Proper documentation of the audit must be maintained. The documentation must include the specific risk areas the audit addressed, the individuals performing the audit, the time frame of the audit, a description of the sample selected for auditing, a copy of the audit tool, the results of the audit, recommendations for changes to policies and procedures, specific changes that were, in fact, implemented as a result of the audit, and finally a subsequent re-audit to verify that the changes in policies and procedures took root. All of this documentation should be kept not only in the affected department (such as billing or the warehouse), but also with the corporate compliance plan materials for easy access in case of government inquiries.

Specific Self-Audit Areas and Procedures

Below is a list of specific types of audit procedures a supplier should conduct. Be aware that this list is by no means complete. The list should serve as a beginning point in developing the supplier’s own audit plan. In addition, each supplier has its own risk areas and risk factors that should be addressed.

A. Review denials to determine if there are any patterns to the denials. For example, does the supplier have a large number of denials for non-covered items?

B. Review the supplier’s accounts receivable history. Does the supplier have a significant number of days’ sales outstanding? This is an indicator that the documentation supporting claims is probably deficient.

C. Review the OIG’s annual workplan. The workplan is available on the Internet and details where the OIG will be placing its enforcement efforts during that fiscal year. Because the OIG’s projects usually span several years, the workplans for previous years also provide useful information.
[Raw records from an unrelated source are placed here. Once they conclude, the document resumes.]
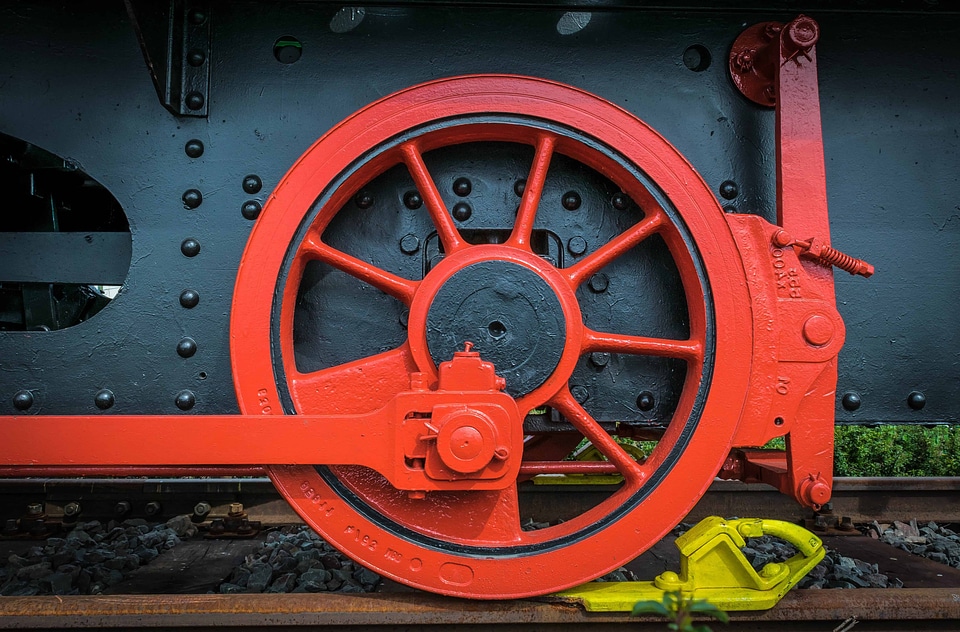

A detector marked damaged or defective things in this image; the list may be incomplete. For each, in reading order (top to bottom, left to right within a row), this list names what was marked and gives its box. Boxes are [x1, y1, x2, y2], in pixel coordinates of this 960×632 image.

rusty rail surface [3, 476, 956, 524]
rusty rail surface [0, 592, 956, 628]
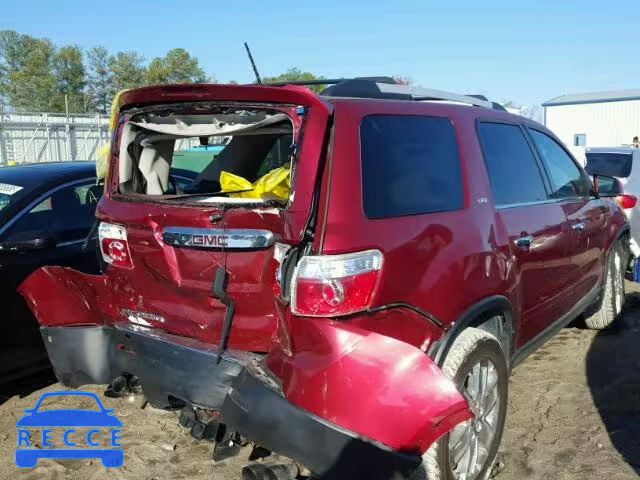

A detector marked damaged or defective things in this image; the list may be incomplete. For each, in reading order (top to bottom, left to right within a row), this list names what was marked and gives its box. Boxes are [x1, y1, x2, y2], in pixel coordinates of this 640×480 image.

broken rear window [117, 107, 298, 204]
damaged rear bumper [40, 322, 262, 408]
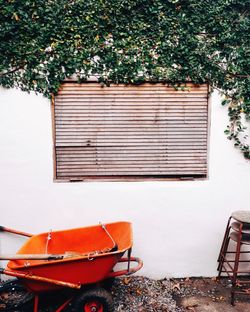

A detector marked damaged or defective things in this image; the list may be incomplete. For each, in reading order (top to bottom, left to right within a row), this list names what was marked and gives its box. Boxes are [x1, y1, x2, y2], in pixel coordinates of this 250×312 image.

rusty roller shutter [52, 81, 209, 182]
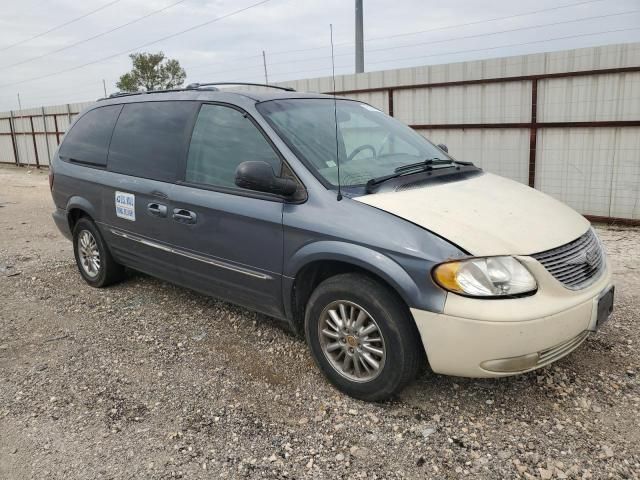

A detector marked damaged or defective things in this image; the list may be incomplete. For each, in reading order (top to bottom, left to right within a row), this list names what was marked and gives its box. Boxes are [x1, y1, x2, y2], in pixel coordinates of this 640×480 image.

damaged hood [356, 172, 592, 256]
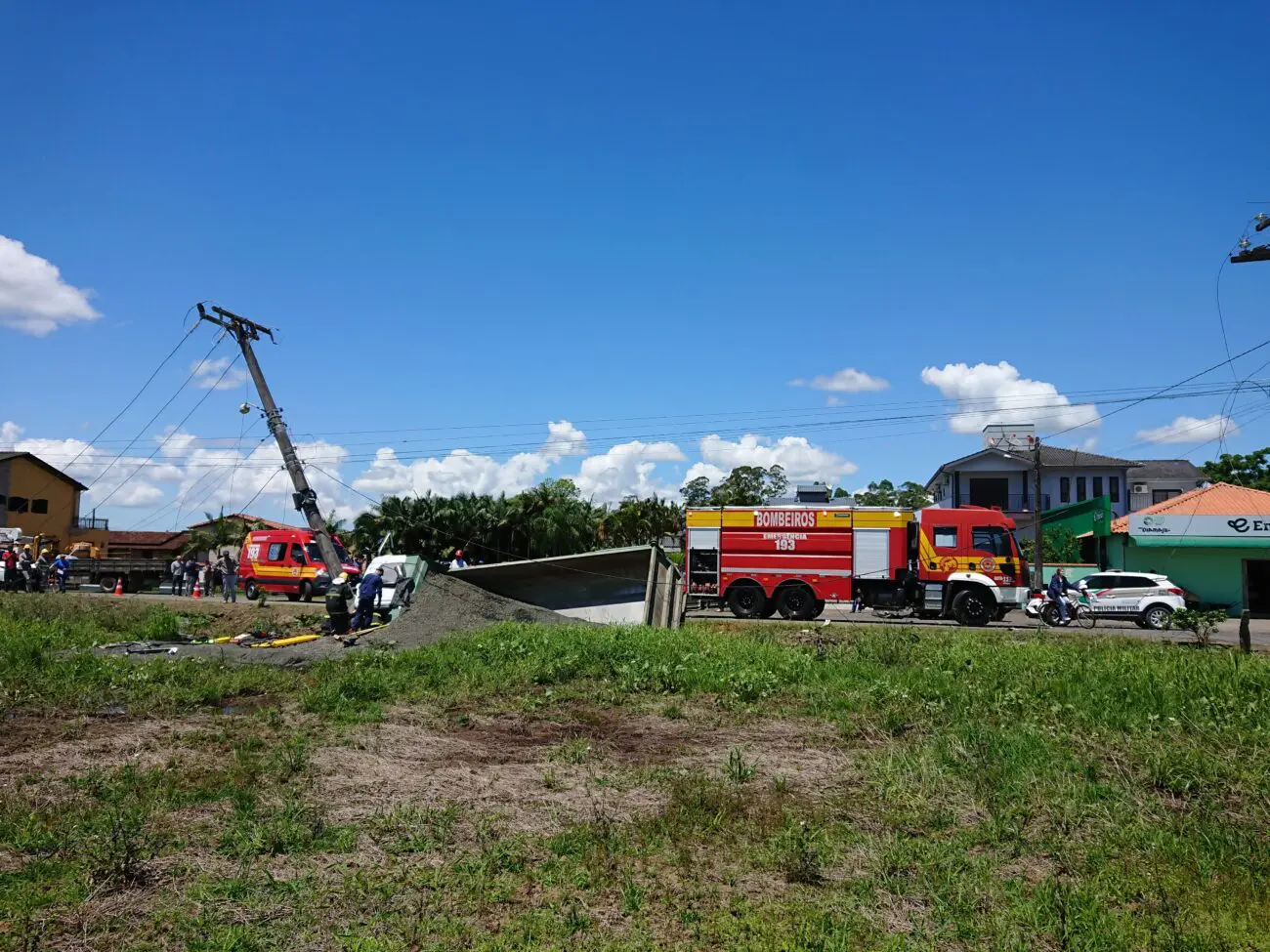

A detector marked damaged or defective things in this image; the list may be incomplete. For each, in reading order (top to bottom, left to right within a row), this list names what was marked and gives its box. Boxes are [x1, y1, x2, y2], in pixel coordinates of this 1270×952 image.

overturned truck trailer [449, 548, 680, 629]
crushed truck cab [686, 502, 1031, 629]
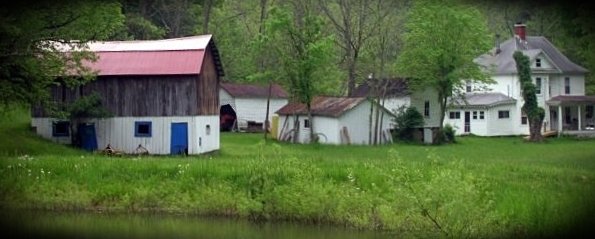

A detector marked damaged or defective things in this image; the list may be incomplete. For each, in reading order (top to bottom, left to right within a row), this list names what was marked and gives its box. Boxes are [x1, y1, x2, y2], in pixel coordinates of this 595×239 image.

rusty metal roof [222, 81, 290, 97]
rusty metal roof [354, 78, 410, 97]
rusty metal roof [276, 95, 368, 117]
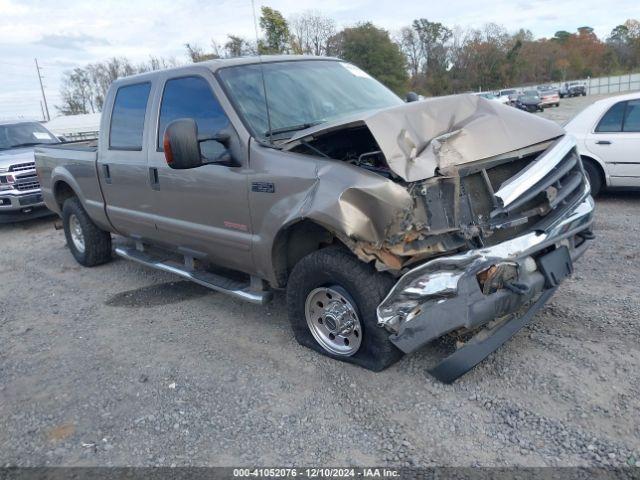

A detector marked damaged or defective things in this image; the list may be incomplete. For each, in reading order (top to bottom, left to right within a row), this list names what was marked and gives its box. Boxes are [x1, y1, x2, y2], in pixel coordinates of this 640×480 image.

crumpled hood [0, 147, 35, 172]
damaged pickup truck [36, 56, 596, 382]
crumpled hood [288, 94, 564, 182]
crushed front end [376, 135, 596, 382]
detached bumper [376, 193, 596, 380]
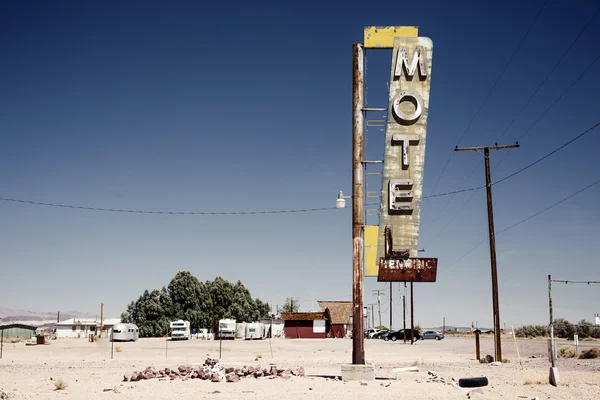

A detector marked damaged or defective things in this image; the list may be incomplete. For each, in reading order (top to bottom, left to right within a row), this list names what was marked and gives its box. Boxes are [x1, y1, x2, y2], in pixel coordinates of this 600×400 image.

rusty metal sign pole [458, 144, 516, 362]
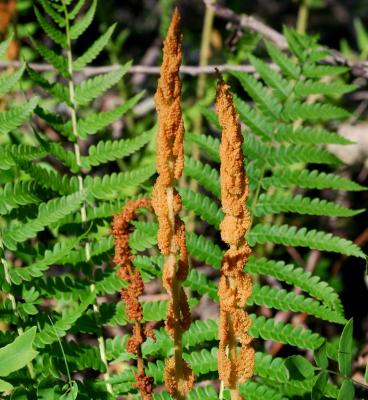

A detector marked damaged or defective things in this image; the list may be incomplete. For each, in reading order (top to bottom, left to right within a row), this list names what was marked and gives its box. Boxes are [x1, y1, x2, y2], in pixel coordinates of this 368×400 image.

rusty brown fertile spike [111, 198, 153, 398]
rusty brown fertile spike [151, 7, 194, 400]
rusty brown fertile spike [216, 79, 256, 398]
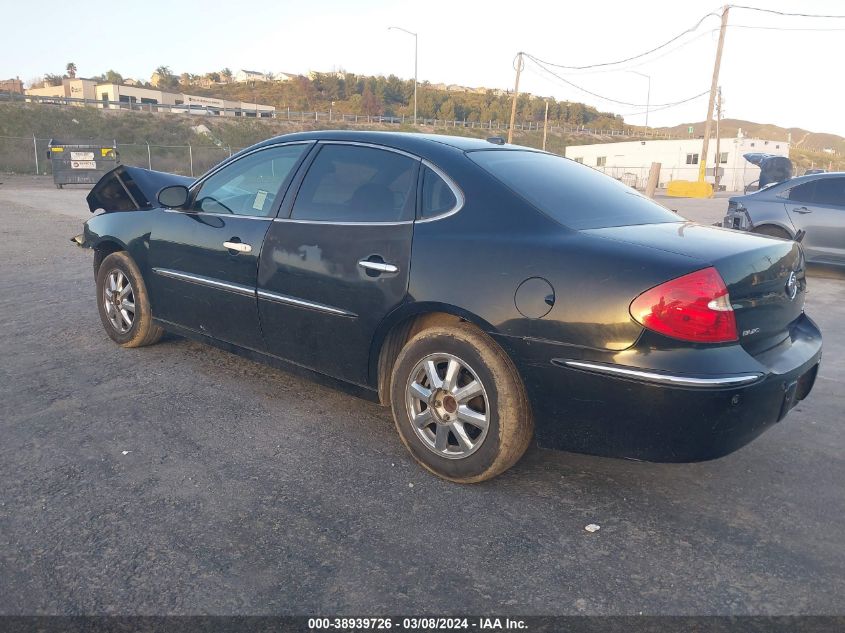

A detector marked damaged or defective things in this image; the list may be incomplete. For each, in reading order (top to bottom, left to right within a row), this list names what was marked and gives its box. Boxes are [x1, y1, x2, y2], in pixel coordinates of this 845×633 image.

damaged hood [86, 165, 195, 212]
D. Review recent reports published by the state Medicare program.

E. Develop and utilize a file contents checklist. The supplier can develop one checklist for all types of equipment or specific checklists for different types of equipment.

F. Develop and utilize specific checklists for different types of equipment. These can be the basis for the supplier’s audit tools.

G. Review the results of Medicare hearings, appeals, and reviews. These will often pinpoint, with laser-like specificity, any problems in the supplier’s underlying medical necessity documentation.

H. Upon hiring new individuals, and at least once per year thereafter, verify that the individual does not appear on the OIG’s list of excluded individuals.

I. Test various employees (especially billing personnel) to verify their knowledge of correct procedures. Perform a quick 10 question quiz. If the results demonstrate a need for improvement, conduct a training session. About a month after the training session, retest the individuals.

J. Review the size and age of the supplier’s credit balances.

K. Review the OIG’s Corporate Compliance Program Guidance for DME Suppliers for additional risk areas and suggestions.

L. Review the audits conducted and develop statistics. How many files had what type of error? Track these statistics over time to see if the number and type of errors is improving.

M. Associate dollar amounts to the various types of errors. Determine whether the errors are significant enough to warrant a refund to the Medicare program or even a voluntary self-disclosure to the government.

N. Sample Checklist for Required File Documentation

1. Beneficiary Information: Name, address, telephone number, date of eligibility for Medicaid benefits, birth date, emergency contact information, height and weight, secondary insurance information, etc.

2. Assignment of Benefits

3. Records Release and Authorization

4. Written physician’s order or confirmation of verbal order

5. ICD-9 codes provided by physician

6. Written order prior to delivery (if applicable)

7. Delivery ticket

8. Waiver of Liability/Advance Beneficiary Notice (if applicable)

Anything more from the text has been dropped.